Loved ones have long charged that U.S.-backed dictator Augusto Pinochet had a direct hand in the 1976 assassination of former Chilean diplomat Orlando Letelier and his Institute for Policy Studies colleague Ronni Karpen Moffitt. Now, they may finally be vindicated.
The administration of President Barack Obama on Thursday publicly released documents that appear to show that Pinochet was behind the murders of Letelier and Moffitt, who have become “symbols of the broader human rights catastrophe of the Pinochet dictatorship,” Sarah Anderson, director of the Global Economy Project at IPS, told Common Dreams.
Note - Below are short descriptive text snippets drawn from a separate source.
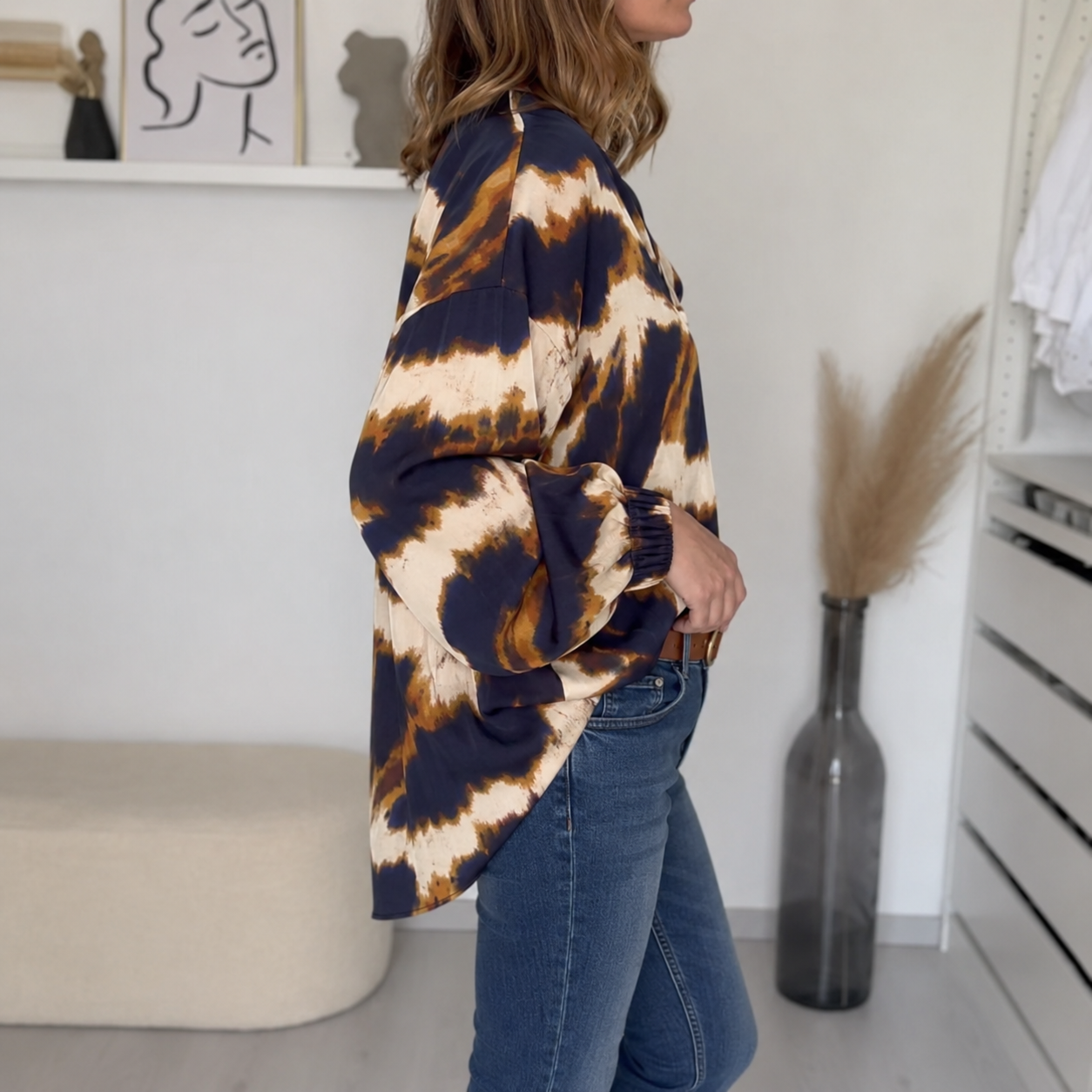 Dames Getailleerde Blouse – Met Knopen, Geschikt voor Werk en Dagelijks Gebruik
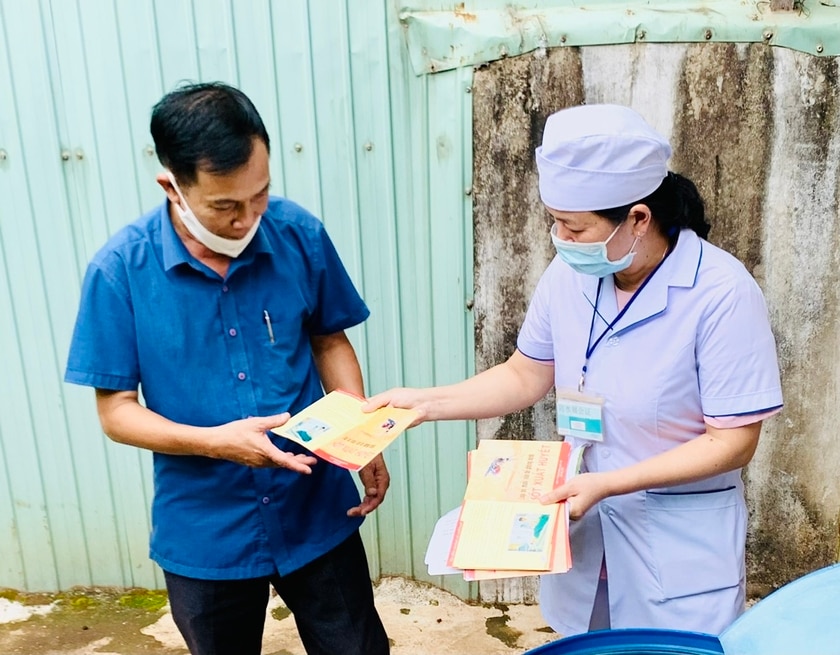 Nhân viên y tế Trung tâm Y tế TP. Pleiku tuyên truyền người dân chủ động phòng-chống sốt xuất huyết mùa cao điểm. Ảnh: Như Nguyện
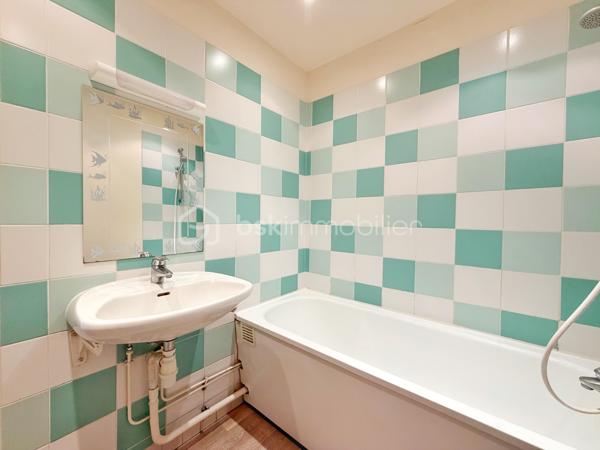 Marly le roi - EMPLACEMENT N°1 - RESIDENCE LE CLOS COURCHE - 5 mns à pieds de la Gare de Marly le roi et 2 mns des commerces ! Votre 4 pièces, 3 chambres de 79 m² environ avec PARKING en sous-sol et CAVE situé au 1er étage. Je bénéficie d'un SEJOUR en accès direct sur une terrasse exposé SUD / OUEST de 11 m² environ et d'une grande cuisine pouvant s’ouvrir sur le séjour et d'une entrée avec rangements.
Mon espace nuit, bien DISTINCT, est composé de 3 chambres avec rangements, une salle de bains et un WC séparé.
Ses principaux ATOUTS sont : Appartement traversant avec VUE SUR PARC, CALME, une petite copropriété sécurisée avec gardien et surtout UN EMPLACEMENT IDEAL!
Pour son confort : Double vitrage, volets roulants électriques dans le séjour et cuisine, grand parking visiteur et surtout une isolation thermique déjà effectuée dans le résidence !
D'autres surprises vous attendent en le visitant avec VOTRE CONSEILLER UNIQUE qui maîtrise parfaitement cet environnement pour vous le faire découvrir.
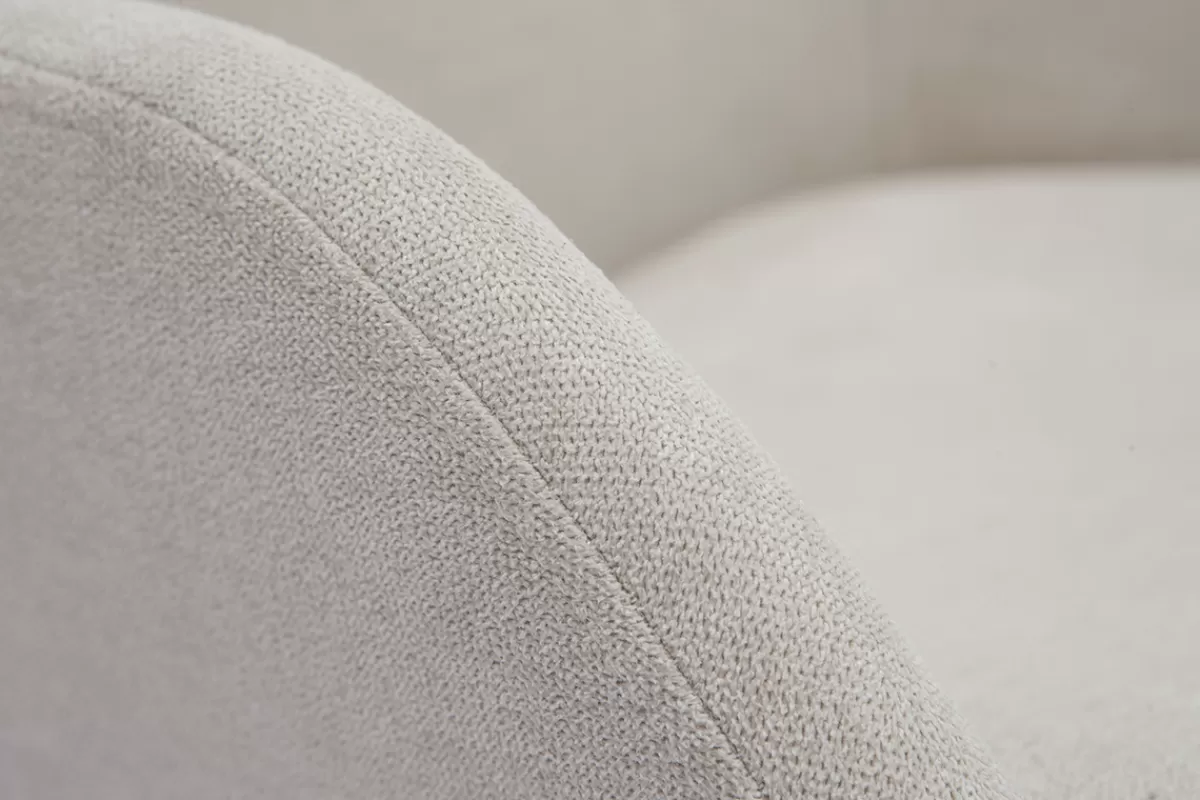Miliboo Sillas Modernas-Set de 2 sillas nórdicas de tela efecto aterciopelado beige y madera clara maciza HOLO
The materials, which include CIA papers, were given to Chilean President Michelle Bachelet on Tuesday by U.S. Secretary of State John Kerry.
“While we’re looking forward to a detailed analysis of these documents, they appear to vindicate our long-held belief that it would have been inconceivable for this assassination to have taken place without the authorization of Chilean dictator Augusto Pinochet,” said IPS Director John Cavanagh.
Letelier’s son, Chilean Senator Juan Pablo Letelier, is one of the few people who has reviewed the trove and confirmed to the Guardian that they conclusively show Pinochet directly ordered the killing. In addition, the documents reportedly reveal that Pinochet had intended to cover up his role in the assassination by killing his spy chief.
“In [Pinochet’s] predisposition to defend his position he planned to eliminate Manuel Contreras to keep him from talking,” Senator Letelier told the Mesa Central show on Tele13 Radio.
From 1973, when it overthrew the government of socialist President Salvador Allende in a U.S. government-backed coup, until 1990, the Pinochet regime disappeared more than 3,000 people and subjected another 40,000 to arbitrary detention and torture.